Following four years of academic research and implementation in a laboratory setting, AME installed a scaled version of the Mixed Reality Rehabilitation system at the Rhodes Rehabilitation Institute at Banner Baywood Medical Center’s Mesa, Ariz. facility. The Banner Baywood-AME partnership allows 30 stroke patients at the Mesa location to take part in a study using the system starting in April 2009.

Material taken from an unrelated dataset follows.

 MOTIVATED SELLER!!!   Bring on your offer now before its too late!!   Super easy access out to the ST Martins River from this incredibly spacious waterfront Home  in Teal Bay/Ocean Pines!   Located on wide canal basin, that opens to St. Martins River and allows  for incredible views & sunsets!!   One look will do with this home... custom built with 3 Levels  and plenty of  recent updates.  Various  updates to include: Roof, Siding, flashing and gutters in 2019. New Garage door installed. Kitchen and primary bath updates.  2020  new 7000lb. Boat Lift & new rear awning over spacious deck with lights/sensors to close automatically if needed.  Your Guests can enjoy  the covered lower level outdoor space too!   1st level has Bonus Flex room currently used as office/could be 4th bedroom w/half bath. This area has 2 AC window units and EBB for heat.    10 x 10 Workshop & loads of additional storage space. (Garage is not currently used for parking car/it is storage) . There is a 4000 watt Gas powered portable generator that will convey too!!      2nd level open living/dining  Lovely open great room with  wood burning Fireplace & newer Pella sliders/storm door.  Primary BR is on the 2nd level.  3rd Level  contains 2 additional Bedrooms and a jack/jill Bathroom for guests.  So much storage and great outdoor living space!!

While using the Mixed Reality Rehabilitation system, patients receive immediate feedback on their movement performance as well as direction for improvement. Patients engage with audiovisual scenes, enabling them to practice physical movements that expedite their recoveries. They are positioned in front of a video screen and a set of sound speakers. Sensory equipment tracks their movements in real time and connects them to interactive images and sounds. For instance, patients learn to move their arms efficiently to make puzzle-like images converge on the screen. The image convergence is accompanied by an interactive music composition that helps patients improve the timing of their movement. The system’s digital and physical aspects are algorithmically adapted to each individual patient’s needs and progress.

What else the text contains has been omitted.